Durante muchos años, la ciudad ha contado con la presencia de una comunidad de sacerdotes Jesuitas, al cargo de una Institución educativa, las Escuelas Profesionales de la Sagrada Familia, fundadas en los años 40 por un jesuita, el padre Villoslada, con una finalidad claramente social: atender a los perdedores de la Guerra, a los huérfanos de los desahuciados, de los estigmatizados por el régimen. He de decir que esta Institución con vocación andaluza, se fue convirtiendo para la ciudad en un soplo de aire fresco en las décadas de la posguerra, como núcleo de la resistencia antifranquista y como faro cultural de una progresía que, difícilmente , se abría paso en aquellos años de oscuridad nacional catolicista. Hay testimonios literarios que dan reflejo de ello. Desde alguno de los textos de Antonio Muñoz Molina, hasta la última novela de Miguel Pasquau Liaño -aunque todo se acabe- de lectura muy recomendable.
Hecho este necesario inciso, retomo la narración. Fue en esa misa de doce, en esa década y en ese sagrado y noble espacio, donde un jesuita, el padre Horacio, desde el púlpito, afeó a los presentes sus maneras, sus afeites y su clasismo y se negó a impartirles la comunión, bajándose del mismo y abandonando el sagrado recinto, dejando a la aristocrática feligresía tan perpleja como escandalizada. Todo un «comunista», como fue definido entonces por la sociedad franquista y como sería definido ahora por el postfranquismo que sufrimos. El padre Horacio, a partir de aquel hecho, tomó el camino del exilio y acabó trasladando el Evangelio en el que creía por aquella Latinoamérica de las guerrillas.

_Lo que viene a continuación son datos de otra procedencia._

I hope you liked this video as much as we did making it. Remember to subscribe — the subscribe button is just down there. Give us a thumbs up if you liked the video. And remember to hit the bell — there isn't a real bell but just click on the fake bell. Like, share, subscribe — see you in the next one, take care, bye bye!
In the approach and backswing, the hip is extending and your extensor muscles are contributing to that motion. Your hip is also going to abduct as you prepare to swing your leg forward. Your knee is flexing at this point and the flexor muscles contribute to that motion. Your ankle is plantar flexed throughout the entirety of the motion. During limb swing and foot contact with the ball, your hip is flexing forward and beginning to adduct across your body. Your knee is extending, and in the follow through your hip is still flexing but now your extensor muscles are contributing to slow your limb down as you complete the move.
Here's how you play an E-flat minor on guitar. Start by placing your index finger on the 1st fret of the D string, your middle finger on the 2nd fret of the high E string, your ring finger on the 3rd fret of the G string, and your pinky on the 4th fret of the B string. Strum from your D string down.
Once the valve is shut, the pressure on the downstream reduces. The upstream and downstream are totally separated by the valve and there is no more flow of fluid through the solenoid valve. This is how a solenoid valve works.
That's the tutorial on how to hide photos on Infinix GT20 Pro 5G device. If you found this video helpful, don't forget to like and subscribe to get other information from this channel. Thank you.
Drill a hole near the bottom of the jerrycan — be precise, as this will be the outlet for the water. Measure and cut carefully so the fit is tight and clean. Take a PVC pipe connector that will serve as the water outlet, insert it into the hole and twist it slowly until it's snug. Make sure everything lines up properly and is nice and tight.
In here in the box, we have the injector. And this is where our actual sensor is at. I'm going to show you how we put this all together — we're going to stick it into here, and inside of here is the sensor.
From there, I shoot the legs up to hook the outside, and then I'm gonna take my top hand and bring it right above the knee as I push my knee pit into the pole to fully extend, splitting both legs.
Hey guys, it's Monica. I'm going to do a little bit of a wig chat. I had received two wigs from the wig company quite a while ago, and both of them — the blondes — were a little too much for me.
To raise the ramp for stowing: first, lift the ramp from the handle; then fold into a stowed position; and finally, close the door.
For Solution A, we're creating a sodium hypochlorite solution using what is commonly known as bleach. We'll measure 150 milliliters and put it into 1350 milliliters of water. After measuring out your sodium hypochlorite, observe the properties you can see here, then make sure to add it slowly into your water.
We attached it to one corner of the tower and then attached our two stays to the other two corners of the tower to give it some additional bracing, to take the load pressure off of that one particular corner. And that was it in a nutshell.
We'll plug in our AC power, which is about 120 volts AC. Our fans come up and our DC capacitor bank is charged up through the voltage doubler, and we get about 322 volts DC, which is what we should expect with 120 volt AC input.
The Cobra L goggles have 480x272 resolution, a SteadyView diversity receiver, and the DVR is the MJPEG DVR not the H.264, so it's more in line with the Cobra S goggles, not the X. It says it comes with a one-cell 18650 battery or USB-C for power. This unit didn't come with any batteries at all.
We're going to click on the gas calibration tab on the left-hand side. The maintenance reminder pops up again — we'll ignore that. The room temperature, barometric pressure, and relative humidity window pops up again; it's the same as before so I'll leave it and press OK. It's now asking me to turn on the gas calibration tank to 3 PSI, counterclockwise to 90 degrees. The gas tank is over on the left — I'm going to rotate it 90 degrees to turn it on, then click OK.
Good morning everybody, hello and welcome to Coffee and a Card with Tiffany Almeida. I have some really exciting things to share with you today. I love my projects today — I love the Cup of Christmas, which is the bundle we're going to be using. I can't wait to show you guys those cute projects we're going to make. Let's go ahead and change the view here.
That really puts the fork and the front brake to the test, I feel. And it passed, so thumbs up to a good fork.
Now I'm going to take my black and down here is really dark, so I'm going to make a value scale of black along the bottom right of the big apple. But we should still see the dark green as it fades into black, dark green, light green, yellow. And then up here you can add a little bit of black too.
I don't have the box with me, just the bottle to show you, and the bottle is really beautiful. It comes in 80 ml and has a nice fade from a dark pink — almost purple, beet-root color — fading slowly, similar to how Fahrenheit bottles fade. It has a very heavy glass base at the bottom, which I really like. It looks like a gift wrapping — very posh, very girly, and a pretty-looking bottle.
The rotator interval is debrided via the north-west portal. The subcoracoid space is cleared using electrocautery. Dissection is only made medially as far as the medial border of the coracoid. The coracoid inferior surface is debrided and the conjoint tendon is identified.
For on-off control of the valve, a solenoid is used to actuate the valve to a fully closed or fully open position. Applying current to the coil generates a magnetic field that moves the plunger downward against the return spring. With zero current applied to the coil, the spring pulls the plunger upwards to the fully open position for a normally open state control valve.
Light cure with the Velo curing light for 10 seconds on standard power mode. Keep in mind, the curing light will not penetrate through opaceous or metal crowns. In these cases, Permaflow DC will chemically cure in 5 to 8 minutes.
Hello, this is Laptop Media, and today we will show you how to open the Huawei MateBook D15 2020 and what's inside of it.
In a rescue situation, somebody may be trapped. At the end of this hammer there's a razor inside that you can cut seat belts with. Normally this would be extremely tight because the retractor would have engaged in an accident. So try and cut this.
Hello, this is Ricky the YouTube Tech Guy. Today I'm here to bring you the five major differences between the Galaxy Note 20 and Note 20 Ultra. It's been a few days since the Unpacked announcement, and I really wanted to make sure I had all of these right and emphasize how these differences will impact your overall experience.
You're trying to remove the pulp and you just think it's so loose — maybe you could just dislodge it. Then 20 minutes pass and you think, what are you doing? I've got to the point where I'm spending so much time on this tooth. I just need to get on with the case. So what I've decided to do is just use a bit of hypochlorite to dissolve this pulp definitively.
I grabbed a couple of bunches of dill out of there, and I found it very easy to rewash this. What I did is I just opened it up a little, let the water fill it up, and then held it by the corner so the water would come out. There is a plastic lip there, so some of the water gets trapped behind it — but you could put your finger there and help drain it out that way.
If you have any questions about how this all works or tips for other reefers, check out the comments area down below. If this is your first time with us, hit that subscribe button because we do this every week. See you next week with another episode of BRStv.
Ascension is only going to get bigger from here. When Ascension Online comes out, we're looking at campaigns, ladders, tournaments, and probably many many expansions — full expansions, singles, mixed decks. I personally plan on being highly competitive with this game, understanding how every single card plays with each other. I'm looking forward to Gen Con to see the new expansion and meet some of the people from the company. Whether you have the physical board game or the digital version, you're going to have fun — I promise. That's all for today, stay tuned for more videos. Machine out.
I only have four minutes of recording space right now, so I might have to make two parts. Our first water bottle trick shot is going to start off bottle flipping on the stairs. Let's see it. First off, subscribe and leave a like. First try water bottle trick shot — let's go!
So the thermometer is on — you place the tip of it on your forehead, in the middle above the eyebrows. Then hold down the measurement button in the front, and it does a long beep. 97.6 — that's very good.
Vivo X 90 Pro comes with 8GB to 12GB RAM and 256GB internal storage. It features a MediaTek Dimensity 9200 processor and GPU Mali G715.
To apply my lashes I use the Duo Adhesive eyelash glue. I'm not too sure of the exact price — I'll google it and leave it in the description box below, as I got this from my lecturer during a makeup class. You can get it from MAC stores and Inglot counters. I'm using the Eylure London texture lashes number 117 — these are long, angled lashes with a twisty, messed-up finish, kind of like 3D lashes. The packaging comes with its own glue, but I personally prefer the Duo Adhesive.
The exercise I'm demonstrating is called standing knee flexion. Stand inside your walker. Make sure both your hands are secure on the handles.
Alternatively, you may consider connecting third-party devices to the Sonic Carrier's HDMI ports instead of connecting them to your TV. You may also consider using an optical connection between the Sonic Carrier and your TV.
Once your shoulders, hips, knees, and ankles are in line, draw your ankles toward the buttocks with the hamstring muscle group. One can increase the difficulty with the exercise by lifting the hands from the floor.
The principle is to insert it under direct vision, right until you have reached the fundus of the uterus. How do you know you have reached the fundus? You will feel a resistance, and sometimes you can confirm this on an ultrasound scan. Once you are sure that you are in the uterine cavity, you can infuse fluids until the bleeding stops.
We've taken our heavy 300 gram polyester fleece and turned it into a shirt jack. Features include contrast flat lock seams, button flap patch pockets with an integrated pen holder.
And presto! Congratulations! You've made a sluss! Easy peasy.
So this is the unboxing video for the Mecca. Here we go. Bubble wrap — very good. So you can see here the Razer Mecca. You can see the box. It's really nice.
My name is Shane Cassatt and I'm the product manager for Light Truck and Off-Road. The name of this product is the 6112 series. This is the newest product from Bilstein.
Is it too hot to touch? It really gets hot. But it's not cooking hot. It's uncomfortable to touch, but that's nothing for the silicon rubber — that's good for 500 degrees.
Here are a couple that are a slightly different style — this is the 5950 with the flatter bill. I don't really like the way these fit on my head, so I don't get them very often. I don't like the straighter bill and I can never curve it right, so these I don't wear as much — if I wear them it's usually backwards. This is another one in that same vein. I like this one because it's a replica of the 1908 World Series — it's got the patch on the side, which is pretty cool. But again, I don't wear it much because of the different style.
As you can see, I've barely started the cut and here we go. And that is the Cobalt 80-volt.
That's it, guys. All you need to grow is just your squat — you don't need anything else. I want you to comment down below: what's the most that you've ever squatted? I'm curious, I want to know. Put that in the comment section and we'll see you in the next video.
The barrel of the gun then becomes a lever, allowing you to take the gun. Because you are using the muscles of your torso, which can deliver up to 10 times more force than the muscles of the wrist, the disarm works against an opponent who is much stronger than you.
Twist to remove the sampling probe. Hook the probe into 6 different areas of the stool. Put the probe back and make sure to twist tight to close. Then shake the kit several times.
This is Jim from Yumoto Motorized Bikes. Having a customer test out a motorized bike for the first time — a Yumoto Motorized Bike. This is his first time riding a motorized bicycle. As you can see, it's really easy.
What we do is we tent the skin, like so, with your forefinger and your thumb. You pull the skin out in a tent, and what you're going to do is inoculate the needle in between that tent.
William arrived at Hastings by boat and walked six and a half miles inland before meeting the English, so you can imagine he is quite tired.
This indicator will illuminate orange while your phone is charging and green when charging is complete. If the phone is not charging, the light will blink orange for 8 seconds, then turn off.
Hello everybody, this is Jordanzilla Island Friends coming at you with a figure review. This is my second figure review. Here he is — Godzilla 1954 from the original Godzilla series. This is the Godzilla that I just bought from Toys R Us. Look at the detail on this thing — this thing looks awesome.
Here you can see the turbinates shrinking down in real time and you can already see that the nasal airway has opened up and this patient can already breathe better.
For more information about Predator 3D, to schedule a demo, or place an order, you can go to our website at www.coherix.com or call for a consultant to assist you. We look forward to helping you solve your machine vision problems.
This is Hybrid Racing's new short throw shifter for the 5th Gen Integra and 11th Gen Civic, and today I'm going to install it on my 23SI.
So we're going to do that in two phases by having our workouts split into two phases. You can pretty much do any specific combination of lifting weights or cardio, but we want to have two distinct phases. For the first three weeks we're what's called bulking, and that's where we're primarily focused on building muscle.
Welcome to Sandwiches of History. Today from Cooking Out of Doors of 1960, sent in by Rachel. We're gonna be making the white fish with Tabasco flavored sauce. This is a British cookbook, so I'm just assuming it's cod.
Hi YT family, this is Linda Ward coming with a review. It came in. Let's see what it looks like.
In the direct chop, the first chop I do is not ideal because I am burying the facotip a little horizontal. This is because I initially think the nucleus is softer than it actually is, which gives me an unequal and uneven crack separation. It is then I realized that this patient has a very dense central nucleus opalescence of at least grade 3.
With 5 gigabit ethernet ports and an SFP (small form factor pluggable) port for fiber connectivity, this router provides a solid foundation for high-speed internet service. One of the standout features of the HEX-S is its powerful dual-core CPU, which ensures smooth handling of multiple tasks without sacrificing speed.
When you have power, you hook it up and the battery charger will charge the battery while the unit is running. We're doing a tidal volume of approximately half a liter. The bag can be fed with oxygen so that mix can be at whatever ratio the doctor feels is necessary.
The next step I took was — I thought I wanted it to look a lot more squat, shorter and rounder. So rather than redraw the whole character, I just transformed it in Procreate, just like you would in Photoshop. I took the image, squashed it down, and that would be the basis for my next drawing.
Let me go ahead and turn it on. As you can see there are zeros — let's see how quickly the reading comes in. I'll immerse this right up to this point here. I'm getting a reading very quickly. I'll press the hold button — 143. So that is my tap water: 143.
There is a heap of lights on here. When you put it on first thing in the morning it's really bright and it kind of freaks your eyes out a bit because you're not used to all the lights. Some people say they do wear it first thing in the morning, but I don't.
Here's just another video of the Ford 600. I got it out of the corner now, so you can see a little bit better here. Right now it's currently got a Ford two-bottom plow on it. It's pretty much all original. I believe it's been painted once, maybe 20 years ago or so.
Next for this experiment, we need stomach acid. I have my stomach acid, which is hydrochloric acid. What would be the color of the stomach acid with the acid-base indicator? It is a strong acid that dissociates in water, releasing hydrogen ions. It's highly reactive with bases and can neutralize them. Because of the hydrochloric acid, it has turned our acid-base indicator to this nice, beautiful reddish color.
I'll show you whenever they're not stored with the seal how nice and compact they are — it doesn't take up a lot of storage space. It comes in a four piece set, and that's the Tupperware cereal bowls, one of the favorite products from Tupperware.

He de reconocer que buena parte de mi sensibilidad social, tiene como referente a algunos sacerdotes jesuitas con los que he tenido la fortuna de compartir el trabajo docente durante algunas décadas en las Escuelas Profesionales de la Sagrada Familia. Los Jesuitas siempre me han parecido una comunidad religiosa tan variopinta como la propia Iglesia Católica, una comunidad donde conviven instituciones educativas sociológica e ideológicamente tan opuestas como el ICADE, un exclusivo centro de estudios económicos integrado en la Universidad Pontificia de Comillas y la propia SAFA. Como la Iglesia Católica, donde conviven la propia Compañía de Jesús y el OPUS.
En este contexto, debemos analizar e interpretar la entrevista de Yolanda Díaz con el Papa jesuita. Dos personas, una creyente y otra atea, que han podido hablar y defender algo que está en la base del humanismo, en la base del cristianismo: la Justicia Social. En este contexto, debemos entender la respuesta que ha tenido en buena parte de la «cloaca mediática» española -reflejo del silencio de la propia Conferencia Episcopal española- tildando el encuentro de «cumbre comunista«.
Porque vivimos tiempos aciagos, en los que hablar de «Justicia Social» está mal visto, estigmatiza, tiempos donde hablar de derechos humanos repele, a aquellos que dicen adorar a un Dios que, curiosamente, expulsó a los mercaderes del templo y llamó bienaventurados a los pobres, a los perseguidos, a los estigmatizados…
Yolanda Díaz se ha convertido por ésta y por otras cuestiones más terrenales en la «rosa» que crece inesperadamente en un lodazal putrefacto y su aroma repele a los cerdos que lo habitan. Cerdos que, bañados en el lodo del dinero esquilmado, robado en muchos casos, fruto de la explotación más vil, que han hecho del Dios por el que personas decentes han dado su vida, un instrumento de alienación y ceguera, con el único objetivo de enriquecerse y tener poder.
Quisiera que este escrito fuera un homenaje a los sacerdotes jesuitas de los que tanto aprendí: Jesús García de Leaniz, Leandro Sequeiros, Jesús Mendoza, Fernando Morales de los Ríos… A todos ellos, les debo buena parte de la sensibilidad social que me habita, de mi amor por la docencia…, y todo ello, desde mi agnosticismo.